Oggi, venerdì 28 novembre 2008, compie gli anni l’ultimo dei vecchi miti viventi: l’antropologo, filosofo e letterato Claude Lévi-Strauss. Uno dei pochissimi uomini che ha lasciato una scia di pietre miliari nella storia della letteratura e della scienza.

 

Tristi Tropici”, “Totemismo oggi”, “Pensiero Selvaggio”, “Antropologia strutturale”, “Il crudo e il cotto” e “L’Uomo Nudo” sono solo alcuni titoli dei suoi libri più famosi. Ed è l’unico uomo che è entrato da vivo nella prestigiosa collezione della “Pléiade”, della casa editrice francese Gallimard.

Nato a Bruxelles nel 1908, figlio di francesi ed ebreo per via di un nonno, durante il Governo di Vichy andò in esilio a New York, dove rimase dal 1941 al 1946 (qui il suo nome gli procurò qualche fastidio perché molti studenti pensavano fosse il produttore dei famosi jeans).

Il grande antropologo, che non ha mai amato troppo i viaggi e le esplorazioni, è un mito fuori dagli schemi: si è definito un “anarchico di destra” e infatti è sempre pronto a scappare se qualcuno cerca di appuntargli sul petto una medaglia, ed è pure una persona che dall’alto dei suoi 100 anni può tranquillamente rispondere “Consideratemi come morto” all’ennesimo giornalista che riesce ad intervistarlo. Una risposta che del resto potrebbe esprimere il semplice desiderio di un grande vecchio di essere lasciato in pace.

Così, dall’intervista del giornalista Giovanni Serafini del Resto del Carlino (di lunedì 24 novembre, p. 36), sembra quindi delinearsi la figura un uomo stanco della notorietà, forse disorientato dalla vecchiaia, forse amareggiato dalla società e dalla velocità del mondo odierno o forse troppo provato da un eccesso di saggezza (“La grande sapienza è gran tormento e chi più sa, più soffre.” Qoelet-Bibbia).

Comunque, anche a costo di fare brutte figure, da “giovane provocatore anarchico”, proverò a valutare il pensiero di questo “fossile vivente” della scienza, che ci indica i limiti del monolitismo mentale e culturale, e della suddivisione tra culture privilegiate, sofisticate ed altre infantili, primitive: “Tutti i popoli sono adulti, anche quelli che non hanno tenuto il diario della loro infanzia e della loro adolescenza.” E qui non sono completamente d’accordo: io, invece, sono dell’idea che c’è uno scambio tra le diverse culture umane, ma succede che il pensiero “più forte”, più realista, e più utile e adattabile, è in grado di imporre il maggiore potere di scambio: pensiamo quindi alla cultura occidentale che oggi con i suoi valori scientifici e con quelli politici di libertà e uguaglianza, e quindi di pari diritti per uomini, donne e bambini di tutte le religioni ed orientamenti sessuali, è in grado di fare da attrattore verso le altre culture.

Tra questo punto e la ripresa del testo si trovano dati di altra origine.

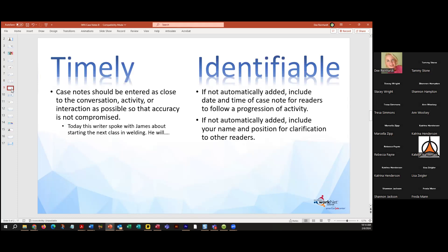How timely is it? If you're entering case notes once a month, maybe that isn't often enough. I sometimes forget what I had for breakfast, so if I'm trying to write a case note six weeks later after something happened, how accurate is that going to be? Is it identifiable? If a case note is not automatically added — and in Illinois WorkNet some case notes are automatically added based on the actions you take — make sure you're including the date and time. Our case notes track when you enter them, but may not track the date and time of the actual conversation. If it's not automatically added, include your name and position.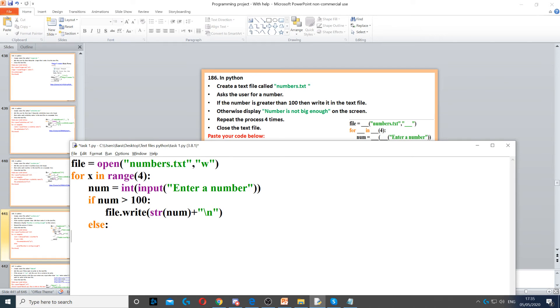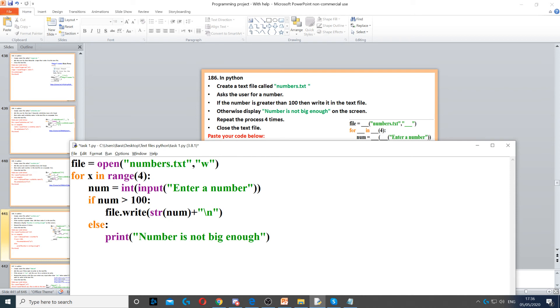Now if it's not greater than 100, then we need to display number is not big enough. So to do that we use else and then we just print number is not big enough.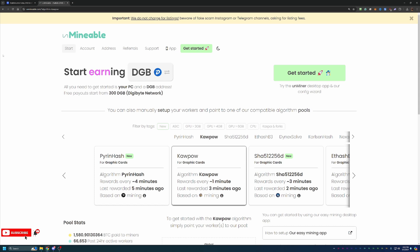So basically what Unmineable does, if you're not familiar, is it allows you to mine the most profitable algorithm for your computer. So maybe you're making, let's just keep it easy and say a dollar per day mining Digibyte regularly straight up with it. Here, maybe your computer does better on the Kapow algorithm and it makes you $2 a day. You're actually able to earn more Digibyte because you're mining a more profitable algorithm. They're taking care of the conversion on the backend and paying you out.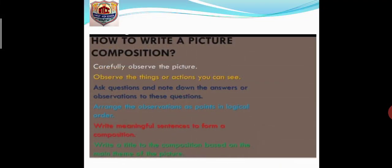So how will you write a picture composition? There are a few points. The first point: you have to carefully observe the picture. Since this is a picture composition, there will be a picture given to you — you have to look at it properly and observe each and everything in that picture. The second point: observe the things or actions you can see in the particular picture.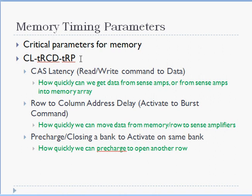What is CAS latency? CAS latency is a measure of how quickly we can get data from sense amplifiers or into the memory array. It's essentially when the read-write command, also referred to as a column command, is issued to when the data is either visible during a read cycle or it has been written in case of a write cycle.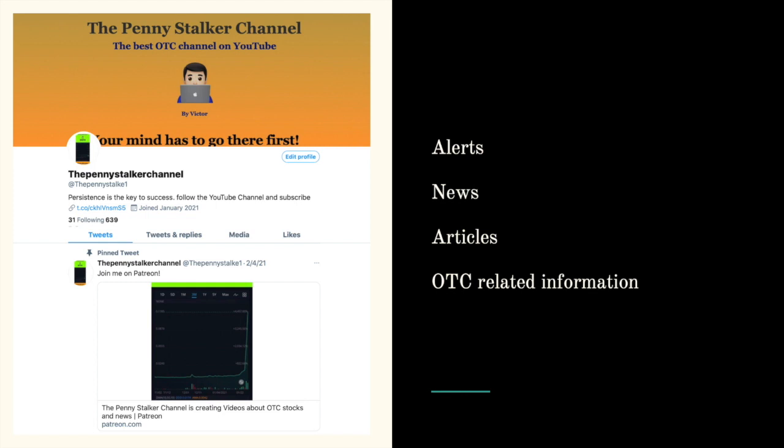Now that I did the list, I would like you to join me on Twitter where I do news alerts, news articles, and OTC related information.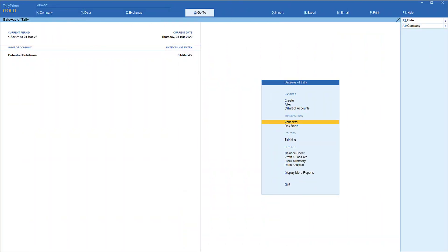Let us assume that you have completed financial year 21-22 and now have to start capturing data for the subsequent financial year 22-23. We are in the same company and moving to the subsequent financial year. How are we going to transition to the next financial year?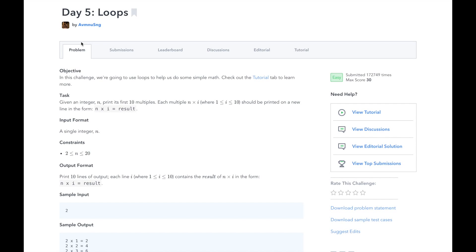Hi, this is Josh from Over the Shoulder Coding, where I help you prepare for software engineering interviews by guiding you through solving real problems. In this series, I will walk you through HackerRank's 30 Days of Code challenge day by day. In Day 5, we will use loops to do some simple math.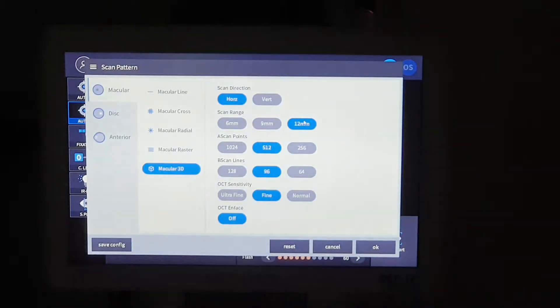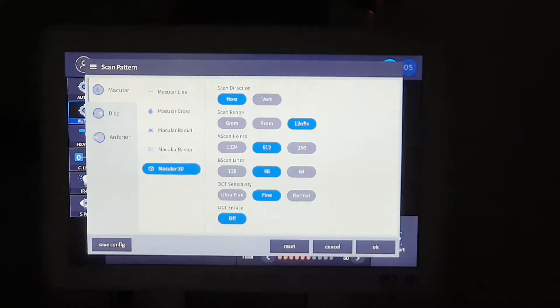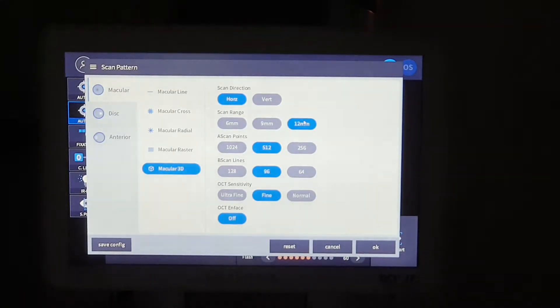We also added new scan range, 12mm. It is wide range, so it can take macular and disk at one time.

Sicuramente le civiltà, di questi tempi, non si possono più imporre attraverso le guerre, ma i mezzi di comunicazione di massa possono originare delle grandi trasformazioni indolori. E anche se c’è da augurarsi la continuità di molte delle diverse culture a livello mondiale, sono sicuro che ci sarà una maggiore attenzione di tutte le società per i diritti delle donne e dei bambini. E mentre Lèvi-Strauss si augura la sopravvivenza di alcune superstizioni, io preferirei l’ampliamento dei risultati e dei vantaggi della scienza, a tutta l’umanità a sua volta disponibile ad accettarli con gradualità (a volte l’eccessivo amore narcisistico degli studiosi per il proprio oggetto di studio può “positivizzare” molti aspetti negativi o neutrali di una data realtà fisica o sociale).

Condivido invece pienamente il parere di Lévi-Strauss sul progresso: non è continuo, necessario, ma procede a balzi, per mutazioni e scarti, come la mossa del cavallo negli scacchi. Ci sono epoche come il Neolitico, il Rinascimento e la Rivoluzione industriale dove la coalizione tra forze diverse che cerca una sintesi per non abbandonare la diversità, riesce a creare opere straordinarie.

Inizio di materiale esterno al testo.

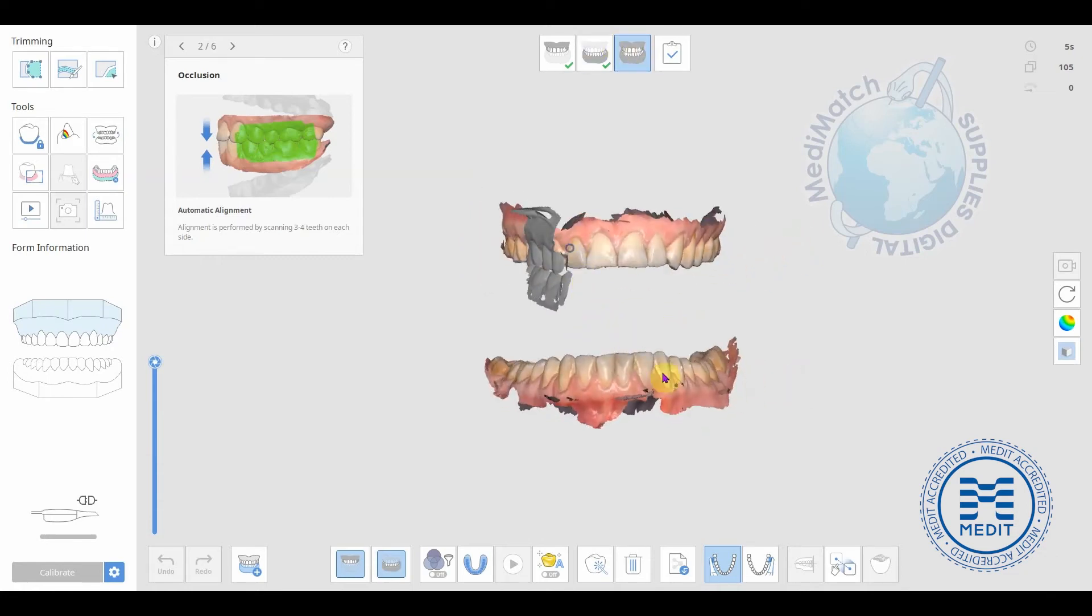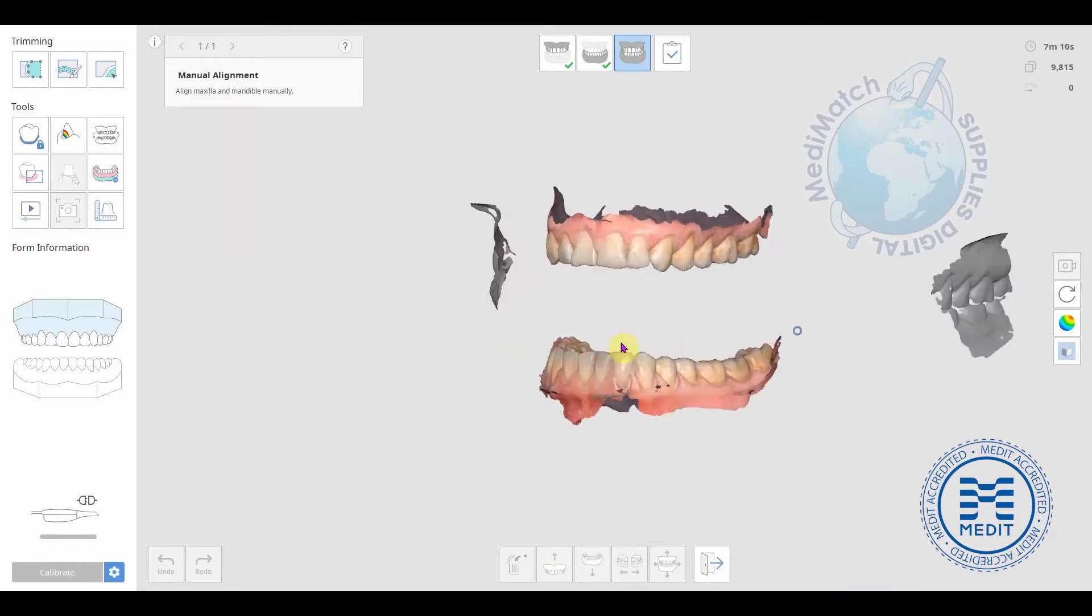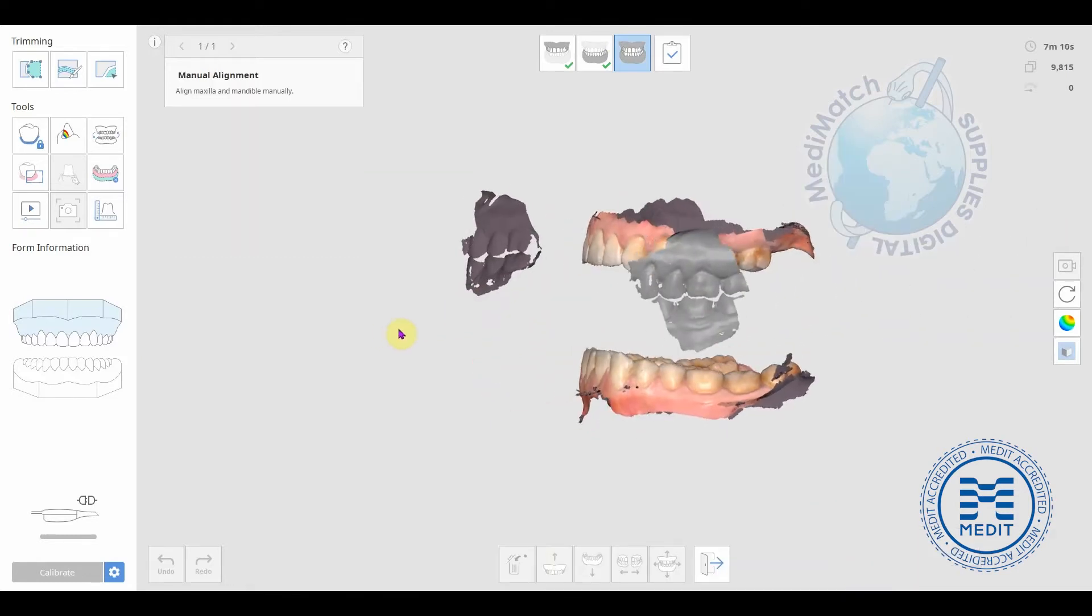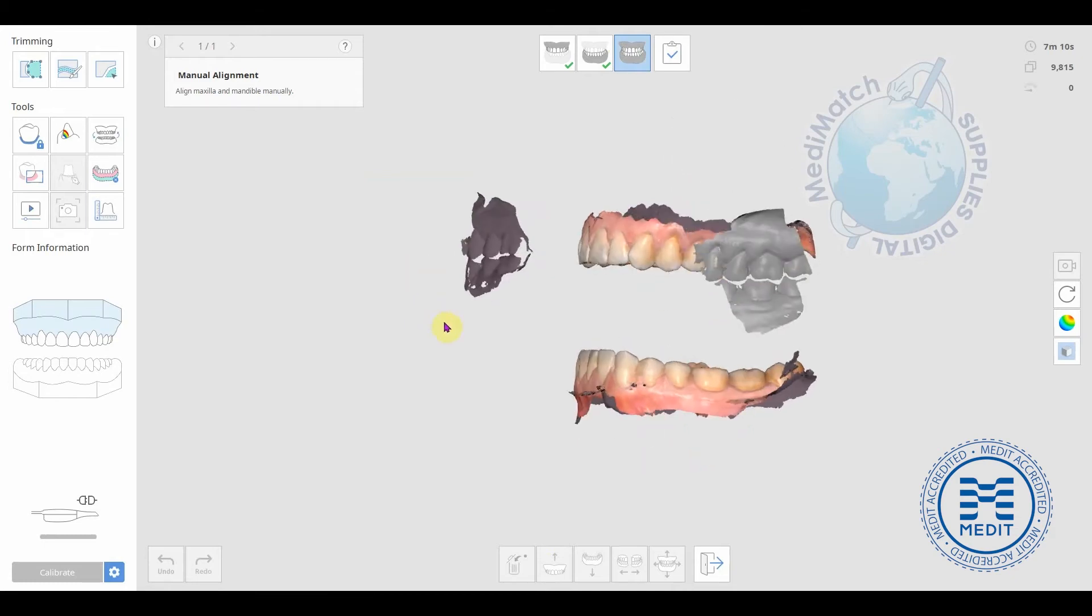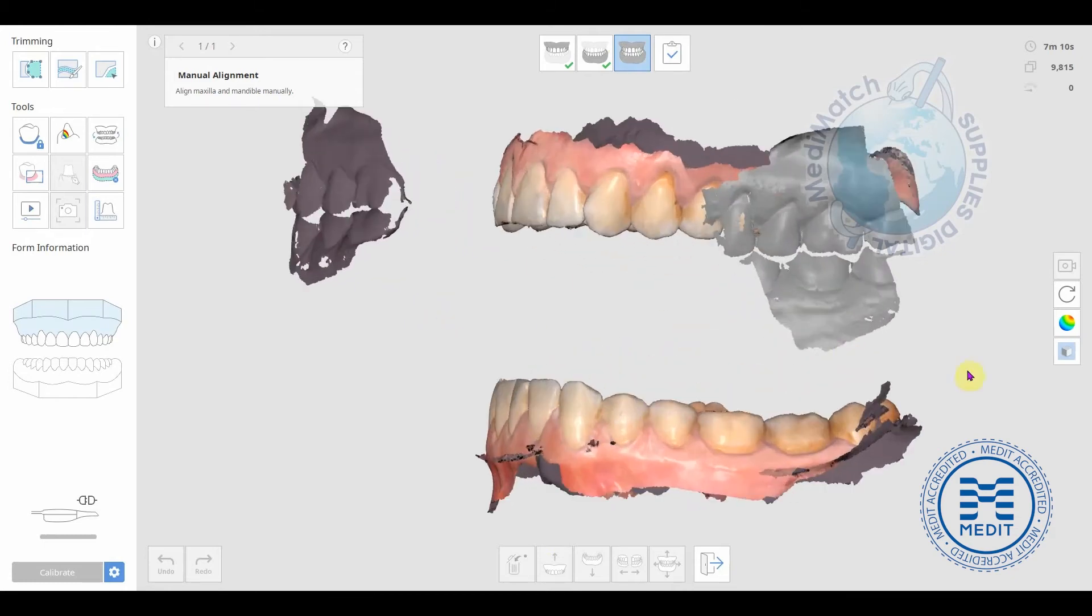All you need to do is click on this icon here, the manual alignment icon, and then you can click corresponding points on the occlusion scan and the upper and lower arches.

A volte la coalizione delle diversità è minacciata da esiti paradossali, poiché a forza di collaborare le culture tendono alla consonanza, i particolarismi s’appannano, si rischia un conformismo globale e si può formare “un’umanità ossificata, confusa in un genere di vita unica”, dove l’energia si consuma e non si produce.

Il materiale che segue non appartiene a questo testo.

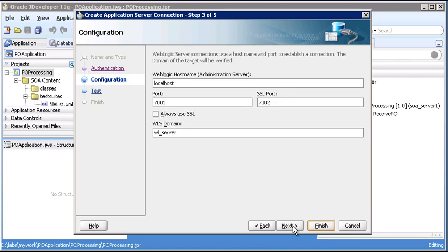That brings us to the Configuration pane. This is where we actually provide the substance of our connection. We provide the name of the host where the administration server is running, the port numbers it can be contacted on, and the domain we want to connect with. Our installation has used the defaults. Our admin server is running on our local machine using default port numbers, so the localhost, 7001, 7002 combination are all fine.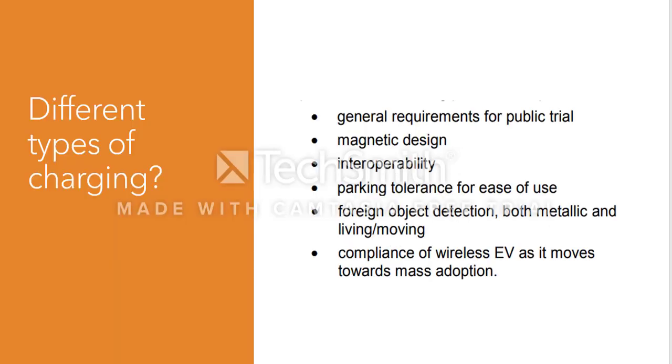The first thing that we ask ourselves is: are there different types of charging available to an EV or hybrid? First of all, general requirements are regulated and are given out for public trial. Second thing is that there are magnetic designs which do complete the charging on the go.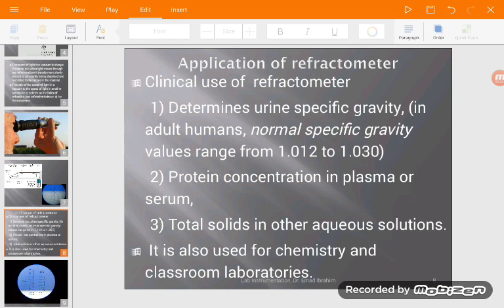The most important clinical use of the refractometer is to determine urine specific gravity. In the normal adult, urine specific gravity ranges between 1.012 and 1.030. Sometimes, if there is water deprivation, it can reach 1.050. We use the refractometer when there is a failure to concentrate urine — when the kidney doesn't have the ability to concentrate urine. For example, in diabetes insipidus.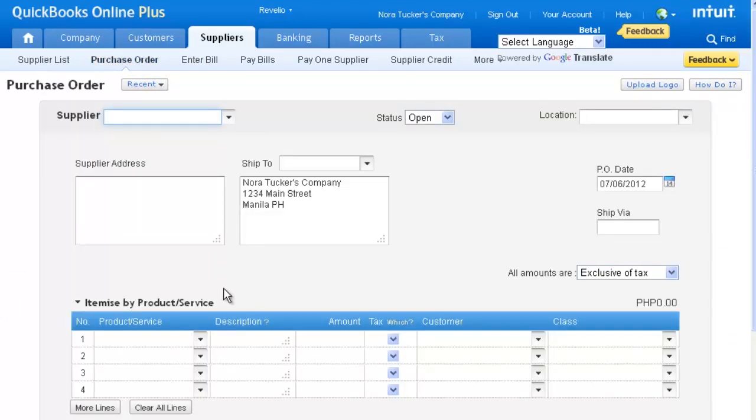Whatever phase of growth your client is in, QuickBooks Online has a subscription level well suited for them, as well as room to expand and grow along with them.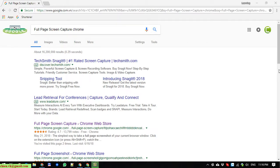Hello, in this video today I will introduce an extension for Chrome to capture the full page when the website is too long.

Ed è ancora condivisibile il pensiero dell’umanista: “l’uomo può sempre scegliere un’altra via, tutto può andare diversamente se lo si vuole. Il muro della necessità ha le sue crepe” e se anche il pianeta sta correndo verso l’autodistruzione, si può creare un “altro umanesimo, non più basato sull’uomo morale superiore, mai sui diritti degli esseri viventi: uomini, animali e piante”. Per le diverse società umane “i giochi non sono mai fatti. Possiamo ricominciare tutto. Quello che è stato fatto e mancato può esser rifatto” (e rimancato…). Bisogna però saper ritrovare “l’indefinibile grandezza dei cominciamenti”, dove nascono i pensieri e le parole per capire e si trovano le energie necessarie per agire.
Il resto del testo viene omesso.